• **What the task asks**
In the listing below, find the line with "View Plug Welding Symbols - GAMMA+" and the line with "Courbe de la", then return them and every line between them exactly, minus the pictures.

• **Provided material**
-*-*-

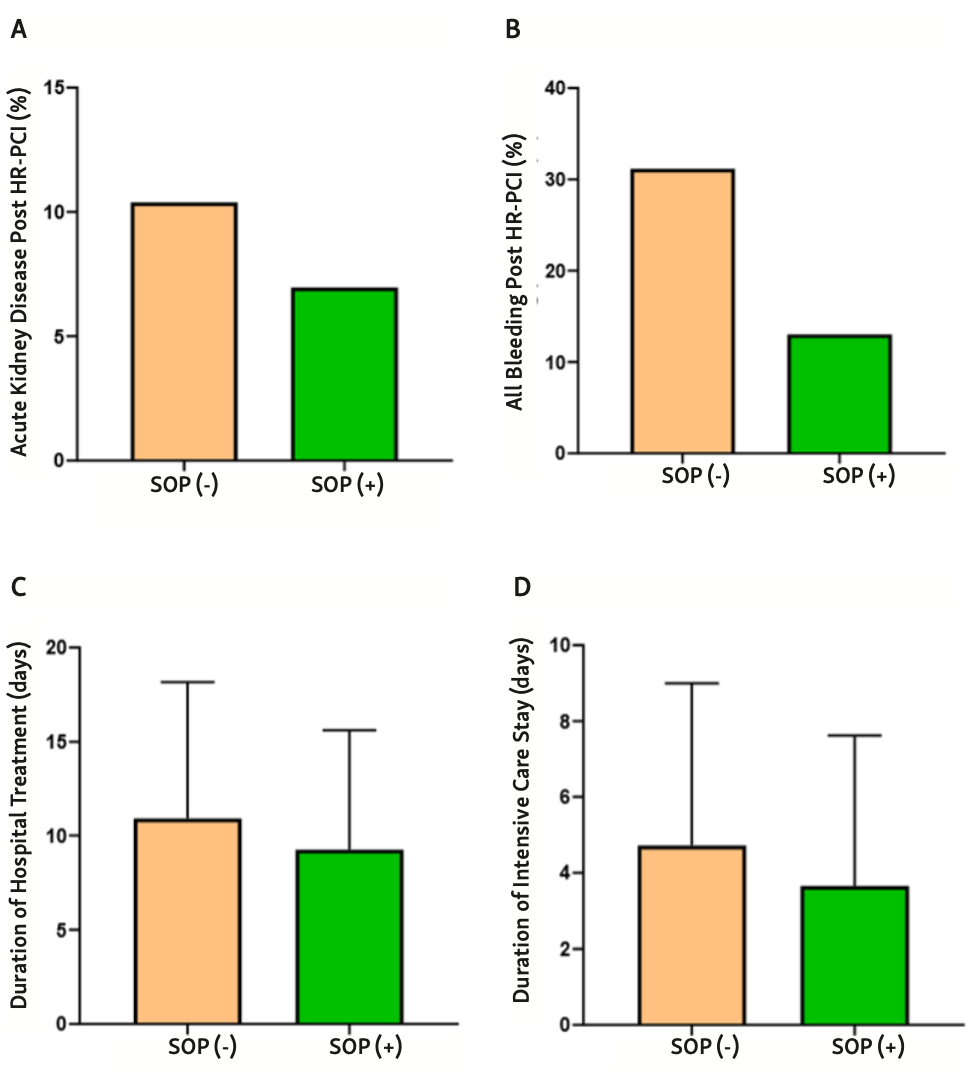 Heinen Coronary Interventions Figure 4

-*-*-

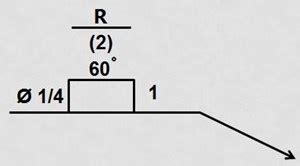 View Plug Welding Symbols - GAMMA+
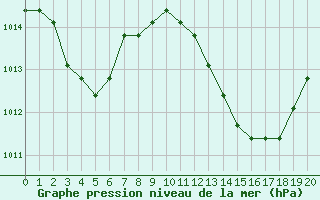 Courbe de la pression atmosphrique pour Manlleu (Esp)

-*-*-

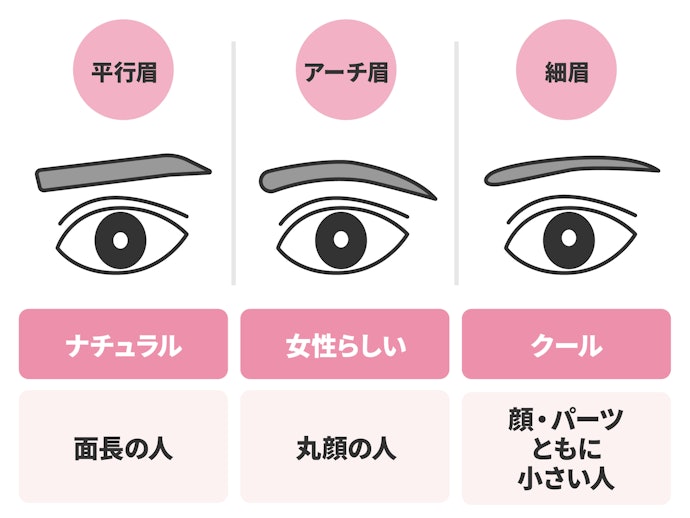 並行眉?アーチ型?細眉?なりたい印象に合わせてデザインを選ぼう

-*-*-

• **Solution to this problem**
 View Plug Welding Symbols - GAMMA+
 Courbe de la pression atmosphrique pour Manlleu (Esp)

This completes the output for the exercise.